### AIM OF THE TASK
Your answer must be the lines from the one containing "Essential Oils for Laundry" through the last line below, copied exactly, with no pictures.

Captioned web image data
■ ■ ■ ■ ■
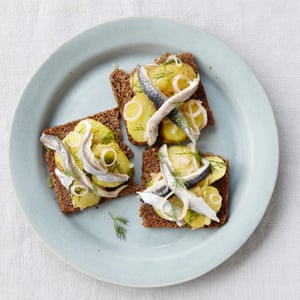 Rosie Reynolds’ new potato, herring and dill open sandwiches.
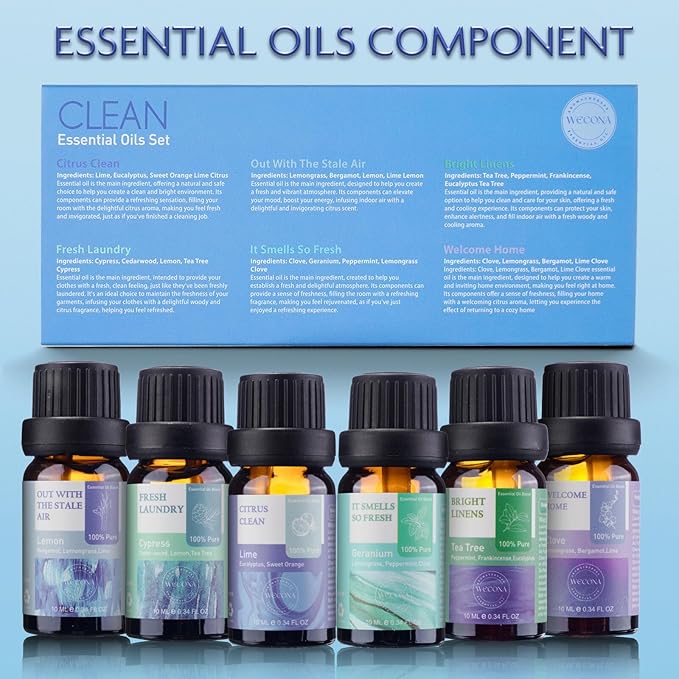 Essential Oils for Laundry - 100% Pure Essential Oils for Diffusers for Home,6x10ml(Clean)- Aromatherapy Oils for Humidifiers,Wool Dryer Balls,Clean Linen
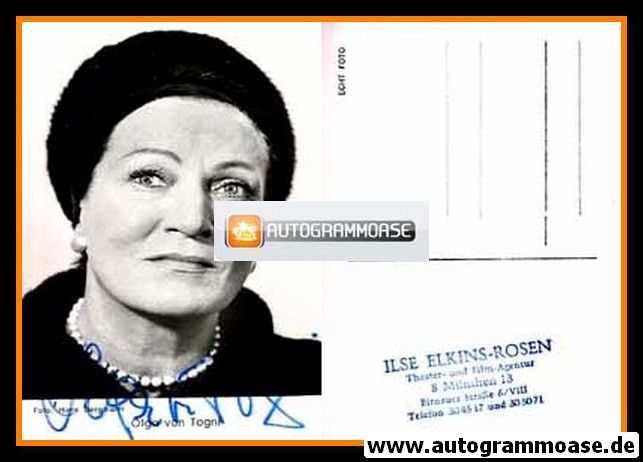 Autogramm Schauspieler | Olga VON TOGNI | 1970er (Portrait SW Bergmann)
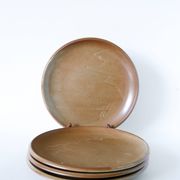 Set of 4 large flat plates in stoneware, Brenne stoneware, 1970.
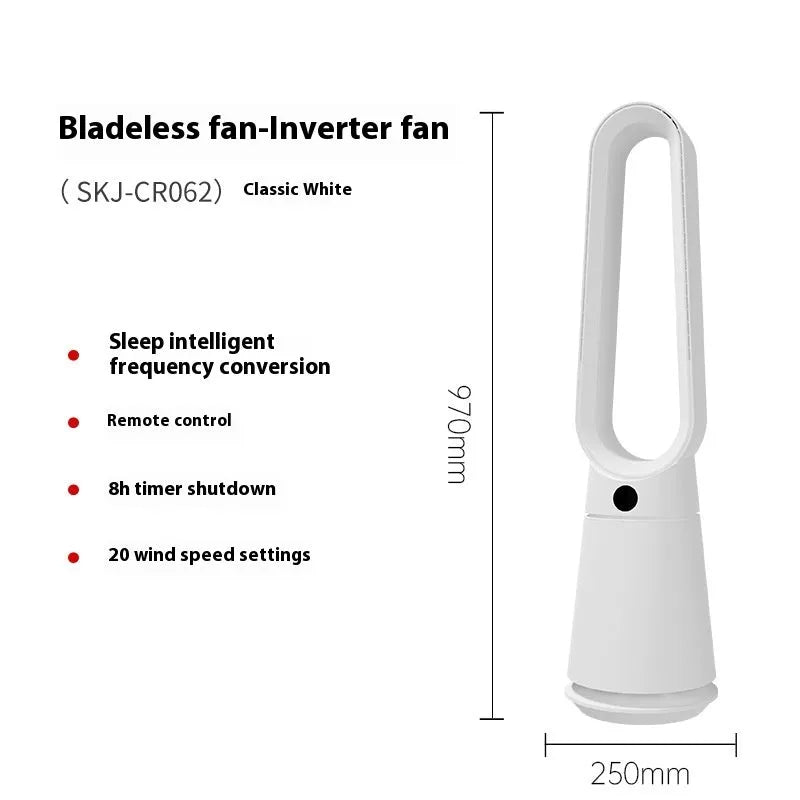 White SK bladeless tower fan with remote control on a desk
■ ■ ■ ■ ■
### SOLUTION FOR THIS EXERCISE
 Essential Oils for Laundry - 100% Pure Essential Oils for Diffusers for Home,6x10ml(Clean)- Aromatherapy Oils for Humidifiers,Wool Dryer Balls,Clean Linen
 Autogramm Schauspieler | Olga VON TOGNI | 1970er (Portrait SW Bergmann)
 Set of 4 large flat plates in stoneware, Brenne stoneware, 1970.
 White SK bladeless tower fan with remote control on a desk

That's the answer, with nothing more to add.